In realtà è difficilissimo dare una definizione precisa di un concetto perlopiù astratto ma è interessante notare che in questo caso ci si appella al fattore della percezione come elemento centrale della sua formulazione.
Potremmo dire che il paesaggio esiste sempre e solo quando qualcuno lo interpreta?
Sicuramente non esiste in maniera oggettiva ma solo soggettiva,  determinata da un’infinità di variabili, anche e soprattutto culturali. Non ci può essere un’interpretazione sbagliata poiché qualsiasi sua versione è deformata in origine, dal suo fruitore. Si può dire forse la stessa cosa che si dice d’innanzi a certe opere d’arte, il luogo comune che vuole che sia l’osservatore a completare l’opera. Anche in questo caso non esiste un’interpretazione giusta o una sbagliata dato che lasciamo alla sua sensibilità la parola finale.
Sempre più nell’arte contemporanea si fa appello a dei testi critici che spesso valgono più dell’opera stessa, incanalando il giudizio dell’osservatore verso la visione giusta dell’opera, l’unica possibile. Spesso si giustifica questa tendenza con il fatto che non ci sia una preparazione culturale e artistica di base dall’altra parte ma per me, la colpa maggiore, rimane all’artista – incapace di finalizzare il suo messaggio senza la parola. Con SCARS [Video Project] (ma anche prima, con il Movimento Oscurantista) ho sempre evitato di elaborare dei testi complessi e autocompiacenti. Al massimo qualche sentenza, secca.
L’unico testo che ha accompagnato SCARS [Video Project] per un lungo periodo è stato: “SCARS [Video Project] è una rassegna di video brevi, di poche parole”. E così vuole essere, di poche parole.
Ho deciso di rapportarmi con il paesaggio e con la sua interpretazione in maniera oracolare attraverso la ripetizione e la casualità.
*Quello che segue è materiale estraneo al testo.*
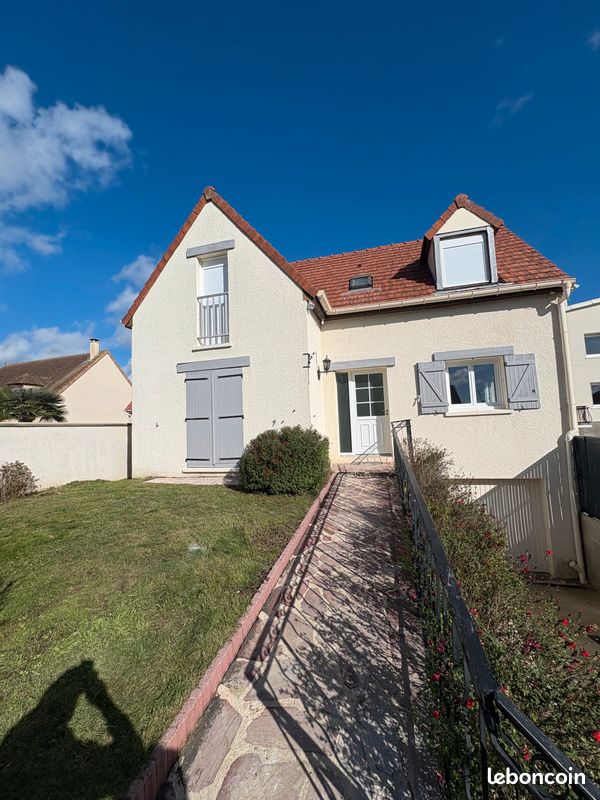Maison 5 pièces 100 m² · à Arpajon · 100 m² · 309 000 €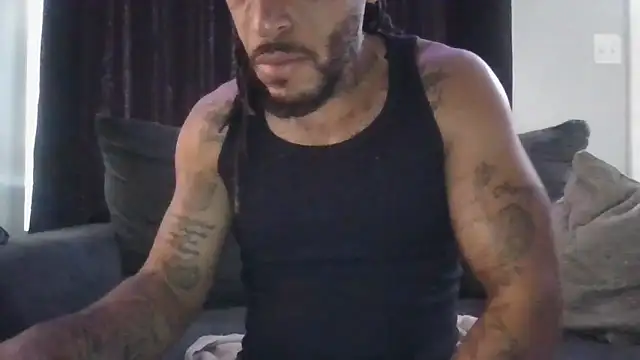 Snapshot of BigWayneBabyXXX chatting on 10.06.25 BigWayneBabyXXX online show from 10.06.25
Con una tecnica simile ai cut-up dadaisti ho montato casualmente dei loop, anch’essi generati in maniera casuale, lasciando l’audio originale del girato. Il risultato è una ricerca ossessiva di un qualcosa, questo sembra a molti suggerire la visione di questi video. Molti trovano invece dei tratti familiari nel paesaggio, identificano i luoghi, le strade, i palazzi – come se il senso non dovesse essere tanto lontano da se stessi.
In questa ricerca di senso, nella percezione che si ha di questi montaggi difettosi, si genera quello che ho voluto definire  “paesaggio”:  ovvero l’interpretazione di un codice attraverso la sua percezione. Un concetto che sta alla base di qualsiasi elemento comunicativo anzi, è il passaggio fondamentale della comunicazione stessa. Il paesaggio è quindi un elemento comunicante, a patto che lo si voglia decodificare.
Ma non sarà una forzatura questa? Aveva ragione Modigliani: il paesaggio non esiste.

1 Commento a “Una ricerca che mette al centro l’uomo”

  1. cristian melis scrive:

    Bell articolo. Molto semplice e scorrevole.
    parla di argomenti specifici ma con un linguaggio semplice.